James Washington (Christopher Kirby) is the first black man to go into space (complete with black space suit), but he gets more than he bargained for when he stumbles across the Nazi colony and they vaporize his token white astronaut companion.
The Moon Führer (Udo Kier) is skeptical of Washington’s claims that the mission is just a publicity stunt and considers the negro astronaut a scout for an imminent attack by Earth forces. Obviously the Fourth Reich must act swiftly!
Two Nazi officers, the ruthless Klaus Adler (Götz Otto) and idealistic Renate Richter (Julia Dietze), travel to Earth to prepare the invasion as an armada of Nazi UFOs prepare for attack.
In the spirit of grindhouse exploitation films, “Iron Sky” feels right at home with movies like “Black Dynamite” and “Planet Terror.” With a budget of only $10 million (most of which was crowd funded), “Iron Sky” features some impressive special effects that could compete with blockbusters like “Transformers.”
Is it a great film?
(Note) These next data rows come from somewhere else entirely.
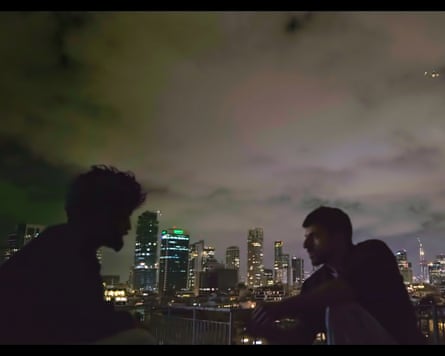 Two men’s silhouettes seen in profile against a hazy night sky and city skyline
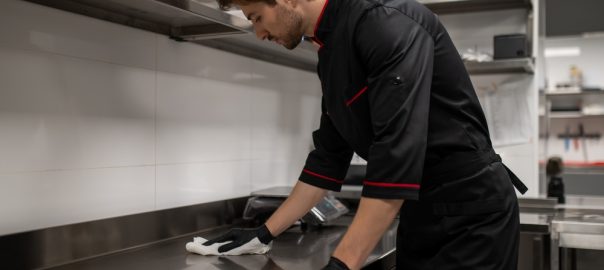 Chef cleaning kitchen counter after cooking in restaurant.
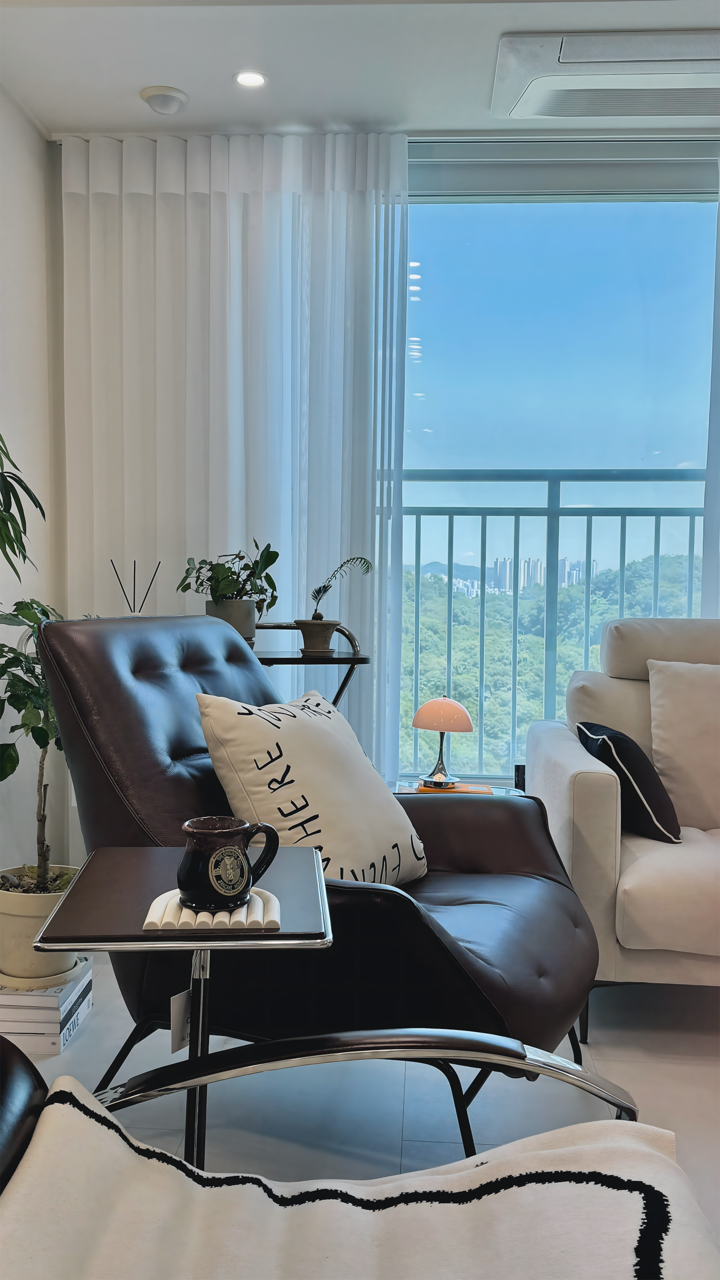 スカイブルーの空色と白いカーテン、ソファ、ブラウンのアームチェアが配された、バルコニーの見えるリビングルーム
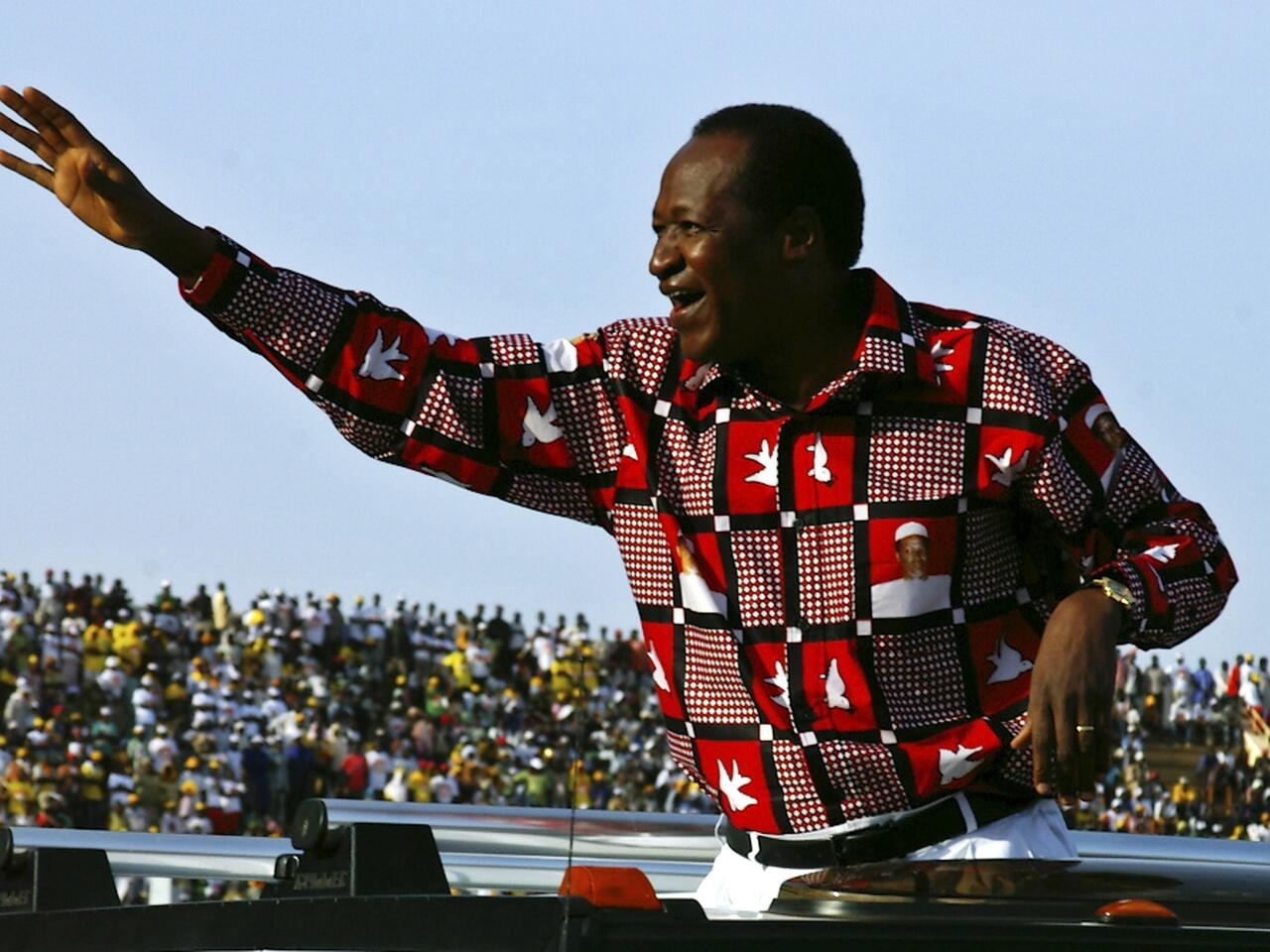 File photo of Burkina Faso's President Compaore waving to supporters in Ouagadougou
No. Is it ridiculously entertaining? Hell yes. If you’re expecting “Schindler’s List” in space you might have another thing coming, but if you want to see sweet-ass steampunk space Nazis, this is the movie for you.
I only wish they would have gone further – there’s a lot of potential in the concept that didn’t feel entirely realized. It seems like the filmmakers were forced to be restrained because of the obvious social issues related to the Nazis, World War II and the Holocaust, but “Iron Sky” could have really benefited from crossing more boundaries and going even more over-the-top.